Financial statements and other supplementary information of the FRS are included in the State’s
Comprehensive Annual Financial Report, which is available from the Florida Department of Financial
Services. An annual report on the FRS, which includes its financial statements, required supplementary
information, actuarial report, and other relevant information, is available from the Florida Department of
Management Services, Division of Retirement.
State University System Optional Retirement Program
. Section 121.35, Florida Statutes, provides for
an Optional Retirement Program (Program) for eligible university instructors and administrators. The
Program is designed to aid State universities in recruiting employees by offering more portability to
employees not expected to remain in the FRS for six or more years.
The Program is a defined contribution plan, which provides full and immediate vesting of all contributions
submitted to the participating companies on behalf of the participant. Employees in eligible positions can
make an irrevocable election to participate in the Program, rather than the FRS, and purchase retirement
and death benefits through contracts provided by certain insurance carriers. The employing university
contributes on behalf of the participant 10.43 percent of the participant’s salary, less a small amount used
to cover administrative costs.

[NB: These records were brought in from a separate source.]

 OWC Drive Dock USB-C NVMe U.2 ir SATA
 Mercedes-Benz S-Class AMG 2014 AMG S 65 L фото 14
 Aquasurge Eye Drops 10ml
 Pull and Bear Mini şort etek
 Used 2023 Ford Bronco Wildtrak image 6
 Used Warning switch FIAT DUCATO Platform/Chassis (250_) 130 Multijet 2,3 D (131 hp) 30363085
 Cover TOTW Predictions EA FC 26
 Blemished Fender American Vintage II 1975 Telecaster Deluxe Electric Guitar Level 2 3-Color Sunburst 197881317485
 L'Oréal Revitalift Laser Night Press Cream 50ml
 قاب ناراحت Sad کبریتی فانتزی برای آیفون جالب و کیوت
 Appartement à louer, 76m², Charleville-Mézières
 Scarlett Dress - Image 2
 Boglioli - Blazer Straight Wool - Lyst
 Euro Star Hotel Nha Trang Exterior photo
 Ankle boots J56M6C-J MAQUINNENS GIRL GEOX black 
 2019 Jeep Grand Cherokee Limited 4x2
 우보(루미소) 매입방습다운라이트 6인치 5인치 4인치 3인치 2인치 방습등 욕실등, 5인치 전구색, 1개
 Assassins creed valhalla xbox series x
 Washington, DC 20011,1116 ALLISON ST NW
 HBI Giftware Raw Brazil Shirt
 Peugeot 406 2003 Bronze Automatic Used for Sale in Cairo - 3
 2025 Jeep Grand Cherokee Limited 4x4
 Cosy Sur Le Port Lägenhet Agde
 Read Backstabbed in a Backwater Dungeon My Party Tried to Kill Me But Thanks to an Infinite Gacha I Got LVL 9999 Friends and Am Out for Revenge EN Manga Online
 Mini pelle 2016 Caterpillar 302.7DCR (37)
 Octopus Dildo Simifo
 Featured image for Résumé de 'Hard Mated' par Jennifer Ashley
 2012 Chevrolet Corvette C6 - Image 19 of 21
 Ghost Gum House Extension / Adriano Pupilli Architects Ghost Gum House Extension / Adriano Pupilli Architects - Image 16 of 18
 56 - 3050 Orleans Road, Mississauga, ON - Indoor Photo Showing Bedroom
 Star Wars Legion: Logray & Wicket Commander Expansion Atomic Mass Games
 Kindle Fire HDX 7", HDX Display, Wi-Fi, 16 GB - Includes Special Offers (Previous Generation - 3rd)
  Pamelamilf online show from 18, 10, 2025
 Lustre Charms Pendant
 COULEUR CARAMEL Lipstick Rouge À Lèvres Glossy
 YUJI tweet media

The remaining contribution is invested in the company or companies
selected by the participant to create a fund for the purchase of annuities at retirement. The participant may
contribute, by payroll deduction, an amount not to exceed the percentage contributed by the university to
the participant’s annuity account.
There were 2,435 University participants during the 2007-08 fiscal year. Required employer contributions


made to the Program totaled $15,708,222 and employee contributions totaled $7,203,301.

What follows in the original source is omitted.